But although practices see the reconfiguration as an opportunity to drive PBC, the approval process is proving frustrating for GPs, says Dr Harley.
‘It's like wading through treacle – not because people are dragging their feet, but because of the way the approval process works,' he says.
One of the first areas in the country to take part in the Improving Access to Psychological Therapies initiative, Stockton-on-Tees has developed ‘an incredibly useful service for all levels of mental health', according to Dr Harley. It was initially swamped by referrals because of an unmet need, but the service has now matured and is delivered by gateway workers and graduate mental health professionals who provide CBT and counselling.
The Stockton board of the North Tees PCT continues to recognise the value of PBC and develop good relationships with practices, Dr Harley says.
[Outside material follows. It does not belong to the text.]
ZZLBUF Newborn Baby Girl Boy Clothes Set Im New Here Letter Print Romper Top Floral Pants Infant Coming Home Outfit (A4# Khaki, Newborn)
But to re-energise PBC, he would like to see federations of practices with real budgets whose managers would look to any willing provider to run community services.
Gateshead – PBC progressing
When Gateshead PCT became part of NHS South of Tyne and Wear, joining with two others, GPs were cynical about opportunities for PBC development, says Dr Mark Dornan, chair of PBC consortium GatNet.
But because clinicians in the area were used to working together through the out-of-hours co-operative, he says there is a ‘lot more joint working in Gateshead than perhaps in other areas', which has encouraged PBC projects to develop.
GatNet has a ‘well developed network with a good relationship between practices, PCT management, providers and other partners', Dr Dornan says. Successful schemes include a clinical assessment and treatment service for knee pain, and a collaboration between the local hospital and PCT provider to reduce nursing home admissions to secondary care.
GatNet has also worked with the local authority and other providers to produce the Gateshead Information Network, which offers public service professionals a single source to access such information as clinical referral guidelines and details of urgent care services. ‘The site is helping to standardise care and improve quality,' says Dr Dornan.
But PBC progress could stall in Gateshead following a funding freeze on all new work because of pressures on the acute contract. Although practices have had indicative budgets since May, Dr Dornan says ‘we're not sure what to do with them'.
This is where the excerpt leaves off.